These schools say they’ve worked with tribes to encourage more thoughtful use of their mascots and avoid denigrating or mischaracterizing Native communities. Citing the input of the Saginaw Chippewa Chief, Central Michigan University urges fans not to use imitative chants or face stripes (the Chippewas have roots as hunter-gatherers who wore war paint only in rare circumstances).

Indian mascot critics, on the other hand, contend that something offensive to even a minority of Native Americans should be dropped. They also cite a growing base of research on racial representation and the psychological effects of Indians’ portrayals in popular culture.

The American Psychological Association issued a statement against Indian mascots in 2005, citing scientific studies. More findings have followed since asserting that such mascots reinforce racial stereotypes — not in a way that study participants admitted to, but implicitly, in a way that emerged through their mental associations. In a set of studies published in 2008, a team of researchers — two of them Stanford-based, another a Stanford alum — found that Native students’ self-esteem, esteem for their communities and ability to imagine achievement-oriented “possible selves” were all lower after exposure to Indian mascot images.

When European Americans were shown Indian mascots in a different study, they reported higher self-esteem than participants shown a control image or an image of the “Fighting Irish.”

“[Indian mascots are] actually making white students feel better about themselves, which to me is an even more dramatic problem,” said Adrienne Keene ’07, a Cherokee Nation citizen and Assistant Professor of American Studies and Ethnic Studies at Brown University.

Keene, who’s written about mascots on her blog “Native Appropriations,” has become a prominent voice pushing back on misrepresentations of Native Americans. Her Twitter account @NativeApprops has over 65,000 followers.

Despite the opinion polls touted by Redskins fans, Keene thinks the movement against Indian mascots has made headway recently, eroding the “myth” of the often cartoonish depictions as honoring a culture.

And this movement gained an early victory at Stanford.

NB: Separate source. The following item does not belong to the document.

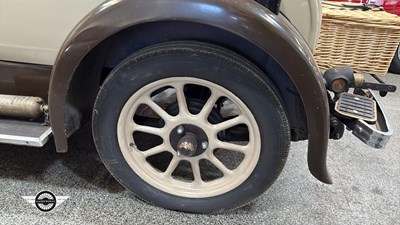 Lot 57 - 1930 MORRIS COWLEY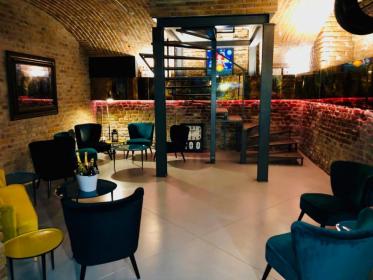 Locale con sala privata in centro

Before abolishing the Indian mascot entirely, Stanford replaced the old cartoon mascot with a more “dignified” chief. (Courtesy of Stanford Libraries)

‘The right thing to do’

The early 1970s was no quiet time at Stanford. Opposition to the Vietnam War had galvanized students to bolder action and more open confrontation with their school administration than ever before. The same school year that Chavers and his fellow Native students arrived, a protest against ROTC’s presence on campus devolved into four hours of chaos as students hurled rocks and police unleashed tear gas. A sit-in the next year left dozens injured and $100,000 in damages. Unrest was the norm.

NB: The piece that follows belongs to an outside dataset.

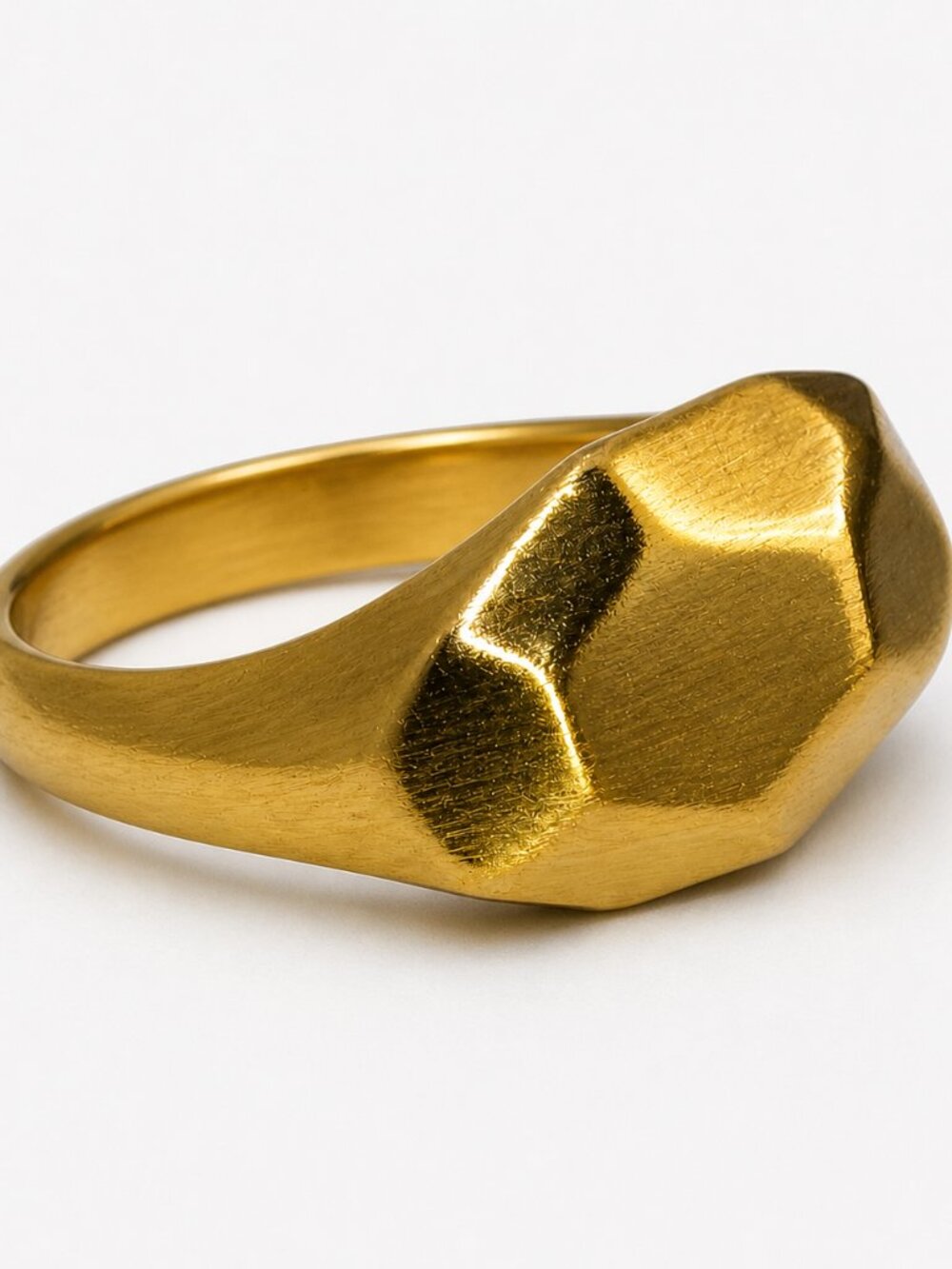 NWT 7‎ Charming Sisters Authenticity Ring Gold Tone Statement Ring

As one Daily columnist reflected in 1975, you could almost miss the Indian mascot’s removal amid all the drama.

But for Bill Stone ’67 MBA ’69 — then an assistant to University President Richard Lyman in a Quad Building 10 newly outfitted with shatter-resistant glass windows — the Native students pushing for a new mascot stood out all the more for their muted tactics. Stone has forgotten many details of that era now, but he can still recount how the students crowded politely into the administration’s lobby area for one of their visits, waiting to make their case to the president. He was used to getting calls from the police chief during lunchtime about activists bearing down on the office from White Plaza: “they’ll be there soon,” the chief would warn.

“They didn’t come and pound on the doors like many student protests at the time,” Stone said of the SAIO students. “They made an appointment.

The students’ arguments were convincing and their goals straightforward, he said. “It was the right thing to do.”

But Chavers says President Lyman was not immediately receptive to the students’ agenda, which focused on the mascot but sought more broadly to carve out a stronger place for Native cultures at Stanford. In their first meeting the fall of 1970, he recalled, Patadal asked Lyman about Indian Studies classes — to which Chavers remembers Lyman saying something like, “If an Indian student comes to Stanford, he has to come on the same terms and conditions as all other students.” The Native American Studies program at Stanford wasn’t founded until 1996, long after its peer UC Berkeley launched a program in 1969.

Lyman writes about his change of heart on the mascot issues in a letter to alumni explaining the Indian’s removal. Initially, he thought the move extreme — why not just revise the mascot? And at first, that’s what Stanford did, ditching its traditional cartoon depiction of the Indian. The Bookstore stopped ordering items with a bulbous-nosed caricature, opting instead for what the University deemed a more “dignified” chief. However, to many Native students’ disappointment, the stocked up merchandise was still available by request.

Even the incremental change from cartoon to solemn profile left some bewildered.

“I’m dumbfounded,” a rep for Governor Time Co. told The Daily after the paper declined an ad for its newly designed Stanford Indian wristwatch. They hadn’t gotten the memo about the mascot’s new look. “We thought that was the Stanford Indian,” the representative added. “This is new to us.”

The student government was also instructed to redesign its paychecks, which featured 10 miniature Indians thumbing their noses.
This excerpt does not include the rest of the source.